» **AIM OF THE EXERCISE**
Below are some records. Write out the line that contains "Beautiful peacock. male" and all lines after it, exactly, but not the pictures.
[Opening AVAILABLE DATA section]
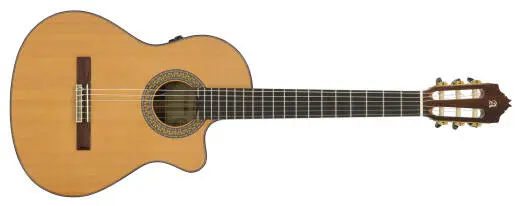 9 P CW E8 Concert Classical/Electric Guitar with Hardshell Case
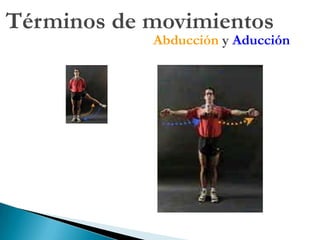 Anatomía Macroscópica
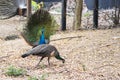 Beautiful peacock. male peacock displaying his tail feathers Royalty Free Stock Photo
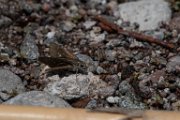 Millet skipper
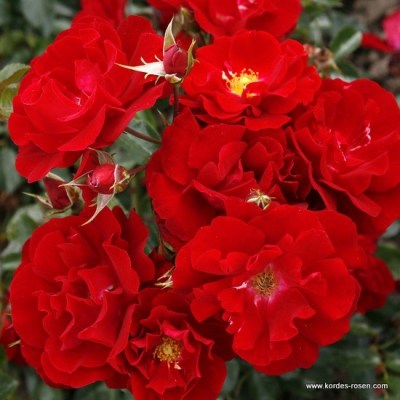 Rosa 'Mainaufeuer'  - R -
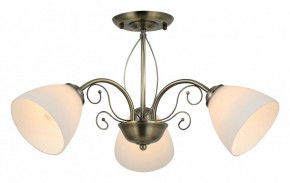 Люстра на штанге Rivoli Sue Б0060985 в Миассе - miass.mebel24.online | фото 2
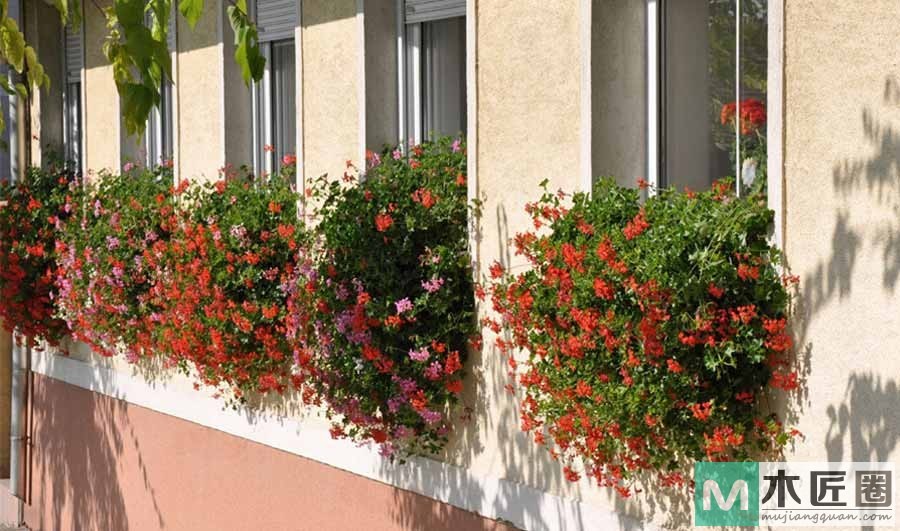 建筑设计的赏心悦目之感，德国的窗户是世界上最美！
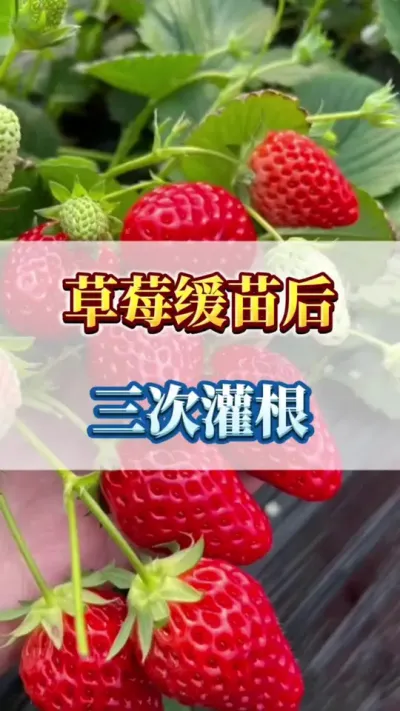草莓缓苗后，三次灌根#草莓苗种苗 #草莓种植 #优质农产品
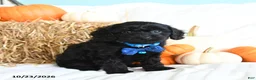 Cavapoo dogs for sale: Buddy - Ad 1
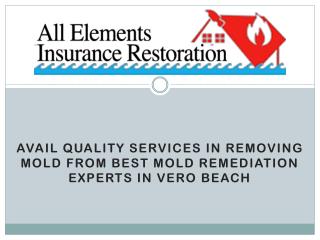 Avail Quality Services in Removing Mold from Best Mold Remediation Experts in Vero Beach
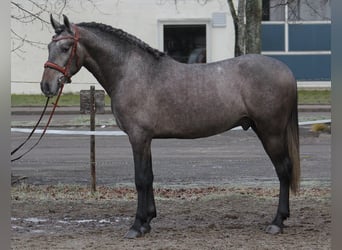 Koń andaluzyjski, Wałach, 3 lat, 159 cm, Siwa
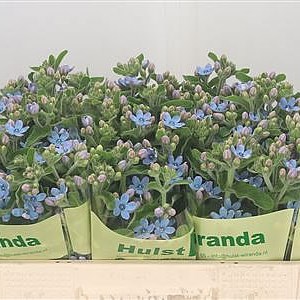 Oxypetalum Pale Blue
[Closing AVAILABLE DATA section]
» **YOUR SOLUTION**
 Beautiful peacock. male peacock displaying his tail feathers Royalty Free Stock Photo
 Millet skipper
 Rosa 'Mainaufeuer'  - R -
 Люстра на штанге Rivoli Sue Б0060985 в Миассе - miass.mebel24.online | фото 2
 建筑设计的赏心悦目之感，德国的窗户是世界上最美！
草莓缓苗后，三次灌根#草莓苗种苗 #草莓种植 #优质农产品
 Cavapoo dogs for sale: Buddy - Ad 1
 Avail Quality Services in Removing Mold from Best Mold Remediation Experts in Vero Beach
 Koń andaluzyjski, Wałach, 3 lat, 159 cm, Siwa
 Oxypetalum Pale Blue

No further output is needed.